Jadi tahapan pemukulan bedug dan membunyikan meriam ini dapat dikatakan sebagai inti dari kegiatan upacara tradisional ini yaitu sebagai tanda dimulainya puasa bulan Ramadhan.
Namun, upacara adat ini juga dapat dimaknai sebagai kegiatan untuk menjalin tali silaturahmi antara warga Kota Semarang dengan sesama warga, warga Kota Lain, atau bahkan negara lain yang datang untuk menyaksikan kegiatan ini, maupun dengan Pemerintah Kota. Selain itu, pada masa sekarang, upacara adat ini juga digunakan sebagai sarana promosi Kota Semarang karena sudah dijadikan salah satu aset pariwisata budaya Kota Semarang.
Sehingga, upacara tradisional yang pada awalnya hanya bermakna sebagai tanda awal bulan puasa / Ramadhan, kini memiliki makna lain yang tidak menghilangkan makna awal, yakni sebagai sarana silaturahmi, wisata budaya, dan sarana promosi Kota Semarang.
5. Realitas Ide
Kini jaman telah berubah dan berkembang, namun upacara tradisional ini masih tetap dilestarikan. Dengan adanya berbagai makna yang ” ternyata ” sangat berguna pada masa sekarang, tahapan dan pola upacara tradisional yang terjadi pada masa lalu dijadikan sebuah ide untuk melakukan kegiatan yang sama di masa sekarang. Namun pada masa sekarang, upacara tradisional khas Kota Semarang ini tidak dilaksanakan persis layaknya pada awal upacara ini dilaksanakan. Walaupun demikian, makna dan inti dari upacara tradisional Dugderan ini tetap tidak berubah, dari sinilah dapat terlihat sebuah Realitas Ide.

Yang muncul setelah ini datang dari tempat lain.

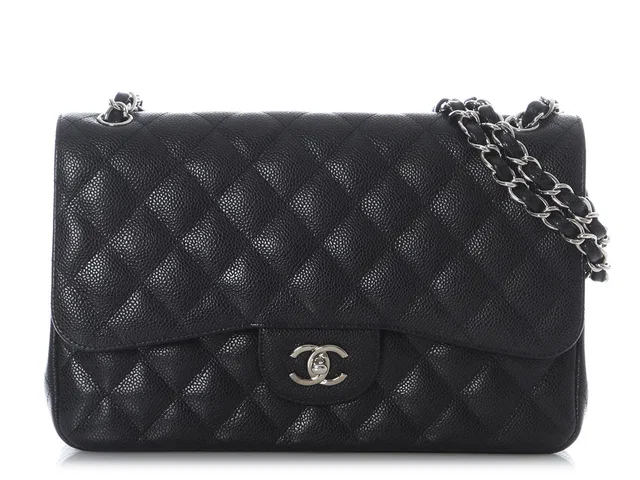 Chanel Jumbo Black Quilted Caviar Classic Double Flap in Black Caviar leather from Ann's Fabulous Finds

Perbedaan ini terjadi pada lokasi pelaksanaan upacara tradisional karena kini pusat pemerintahan pindah ke Balaikota di Jl. Pemuda. Upacara ini pada masa sekarang dilaksanakan di halaman Balaikota pada waktu yang sama, yaitu sehari sebelum bulan Ramadhan dan dipimpin oleh Walikota Semarang yang menggantikan peran sebagai Adipati pada masa lalu.

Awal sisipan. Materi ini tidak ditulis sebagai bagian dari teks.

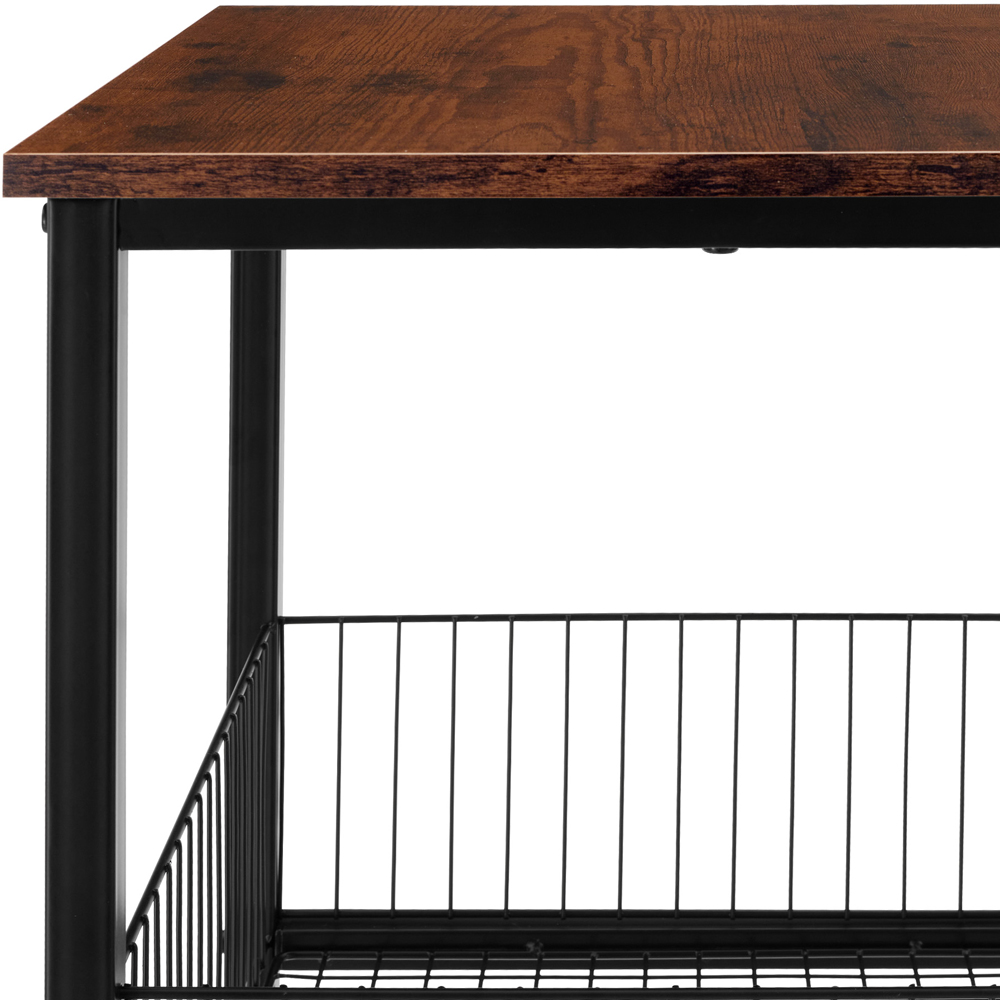 tectake Grimsby Dark Wood Bedside Table with Mesh Basket Image 6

Namun upacara tradisional ini juga masih tetap dilaksanakan sama seperti ketika awal pertama kali dilaksanakan, dengan diringi arak-arakan maskot hewan khas dugderan warak ngendok dan beberapa orang yang bergaya prajurit pada masa lalu. Walikota dan istri yang memerankan tokoh Bupati berjalan menuju Masjid Besar Kauman dimana letak pusat pemerintahan pada masa itu. Setelah tiba di Masjid Besar Kauman, imam Masjid sudah siap untuk menyambut Walikota yang selanjutnya berjalan menemui ulama – ulama yang sebelumnya sudah menentukan awal puasa, lalu beberapa saat kemudian Walikota mengumumkan hasil penentuan awal puasa dengan bahasa Jawa.
6. Realitas Nilai
Melihat dari penjelasan sebelumnya, pada awalnya, upacara tradisional ini ” hanya ” mengandung nilai keagamaan, dan kebudayaan. Nilai keagamaan dapat terlihat pada makna dan tujuan awal upacara tradisional ini, yakni sebagai penanda awal bulan Ramadhan yang merupakan bulan suci umat muslim, sedangkan nilai kebudayaan terlihat dari pengiring upacara berupa budaya dan kesenian jawa seperti ; gamelan . Namun pada masa sekarang, seiring dengan kemajuan pola pikir manusia, upacara tradisional ini memiliki nilai yang lebih, diantaranya ; nilai sosial, sebagai sarana silaturahmi antar warga, dan warga dengan Pemerintah ; nilai ekonomi, pasar rakyat dapat digunakan warga ( pedagang ) untuk mengais rezeki, sebagai ajang promosi Kota Semarang.
7. Penutup
Setelah mengerti apa dugderan itu ?, bagaimana sejarah awalnya ?, kita dapat mengerti dan memahami makna dan nilai yang terkandung didalamnya. Dengan demikian, perlu adanya sikap dari warga Kota Semarang sendiri, dan Pemerintah Kota Semarang untuk tetap melestarikan aset wisata budaya Kota Semarang ini, mengingat dalamnya makna dan nilai yang tekandung didalam upacara tradisional dugderan ini.
Pengkajian diatas merupakan gabungan dari pandangan empirik penulis, dengan data dari literatur yang ada, dengan segala keterbatasannya semoga dapat bermanfaat.